Exercise: Leave the pictures out, and transcribe the material below exactly from the line with "Blue Train Crashes 2 screenshot 2" to the line with "اتاق استاندارد سه", both lines included.

Supplied data:
====
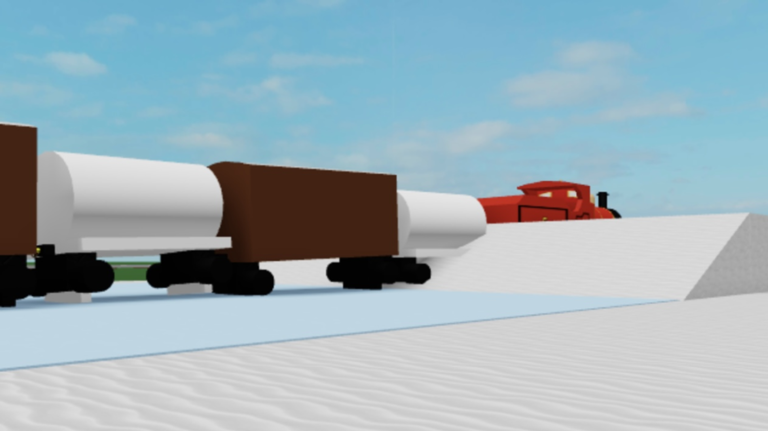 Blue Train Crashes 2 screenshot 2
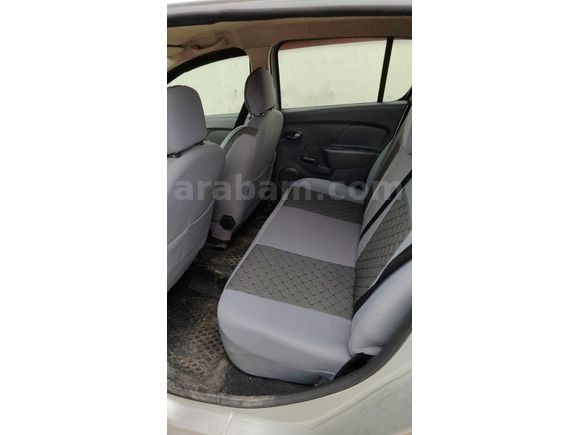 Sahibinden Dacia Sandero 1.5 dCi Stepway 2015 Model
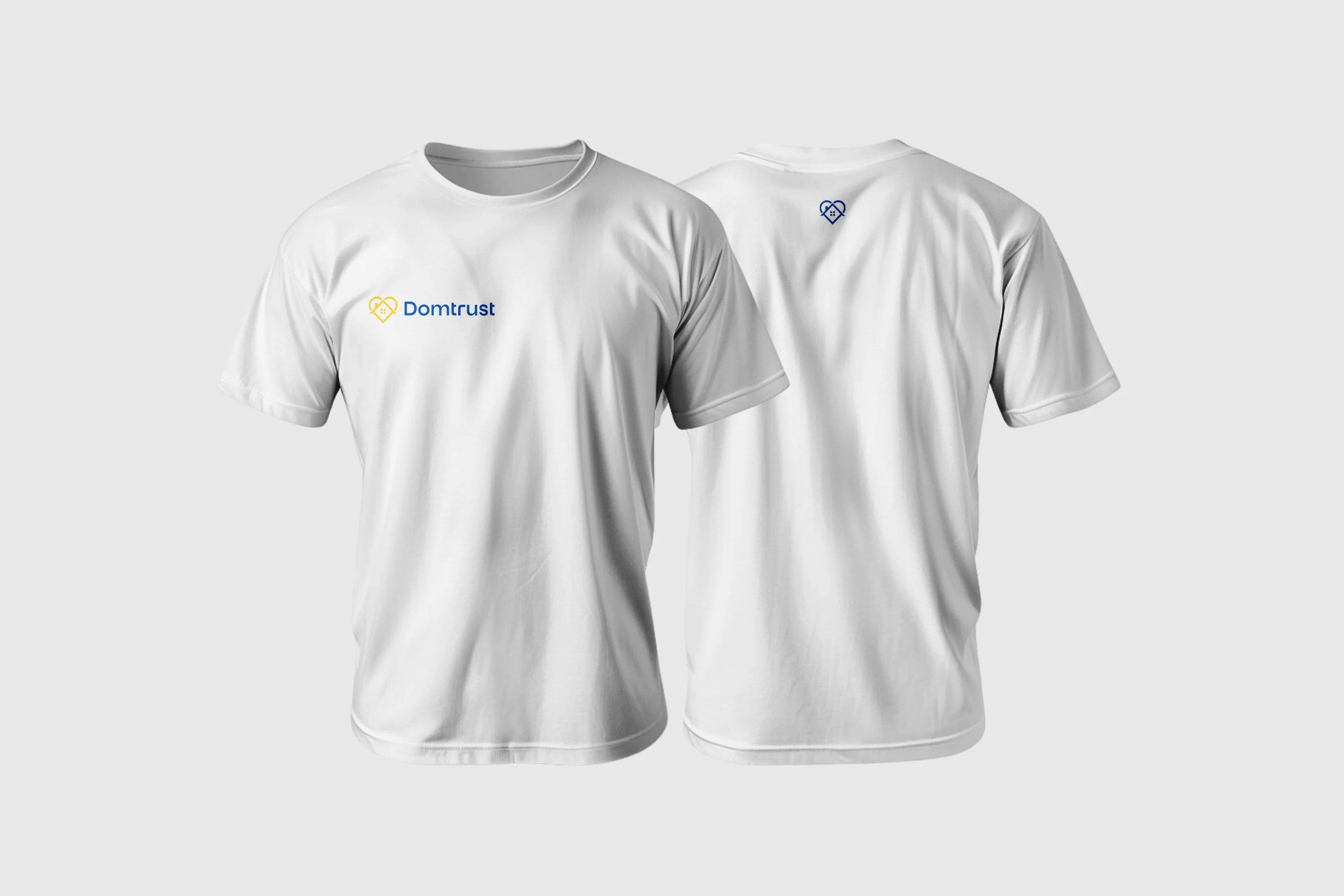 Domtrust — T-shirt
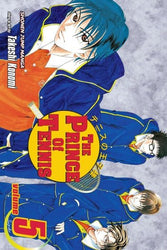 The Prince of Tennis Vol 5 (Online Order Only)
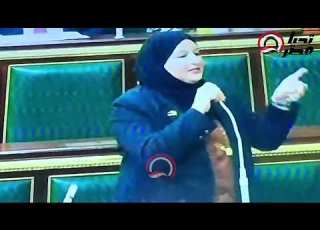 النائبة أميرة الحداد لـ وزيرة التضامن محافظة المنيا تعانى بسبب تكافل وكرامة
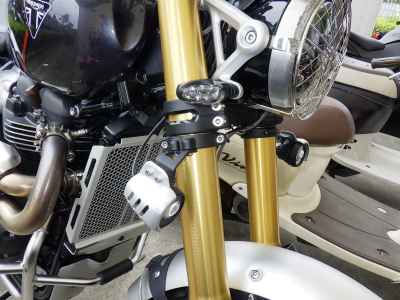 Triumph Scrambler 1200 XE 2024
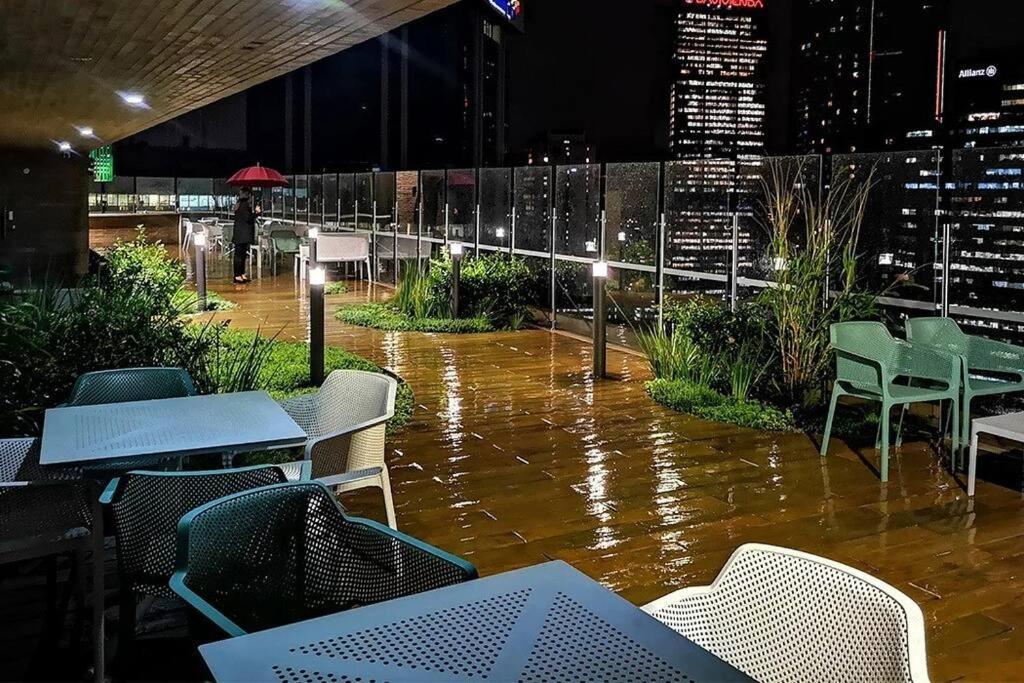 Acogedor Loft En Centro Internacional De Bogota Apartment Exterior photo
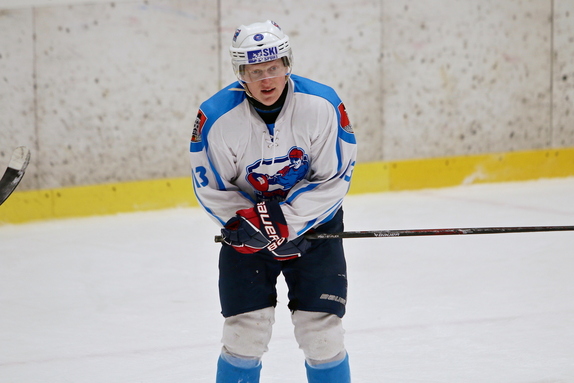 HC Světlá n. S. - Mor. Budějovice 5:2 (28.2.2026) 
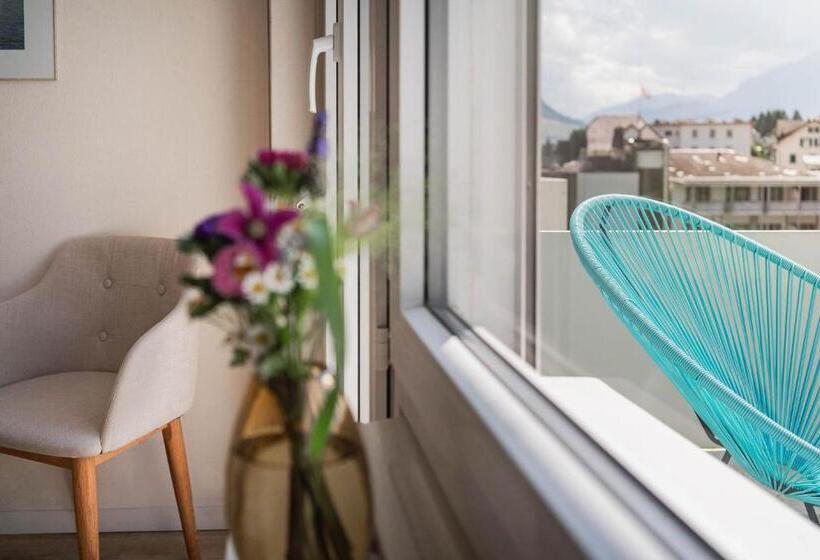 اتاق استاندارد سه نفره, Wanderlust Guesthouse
====
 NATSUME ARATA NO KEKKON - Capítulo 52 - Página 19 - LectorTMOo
====
Task output:
 Blue Train Crashes 2 screenshot 2
 Sahibinden Dacia Sandero 1.5 dCi Stepway 2015 Model
 Domtrust — T-shirt
 The Prince of Tennis Vol 5 (Online Order Only)
 النائبة أميرة الحداد لـ وزيرة التضامن محافظة المنيا تعانى بسبب تكافل وكرامة
 Triumph Scrambler 1200 XE 2024
 Acogedor Loft En Centro Internacional De Bogota Apartment Exterior photo
 HC Světlá n. S. - Mor. Budějovice 5:2 (28.2.2026) 
 اتاق استاندارد سه نفره, Wanderlust Guesthouse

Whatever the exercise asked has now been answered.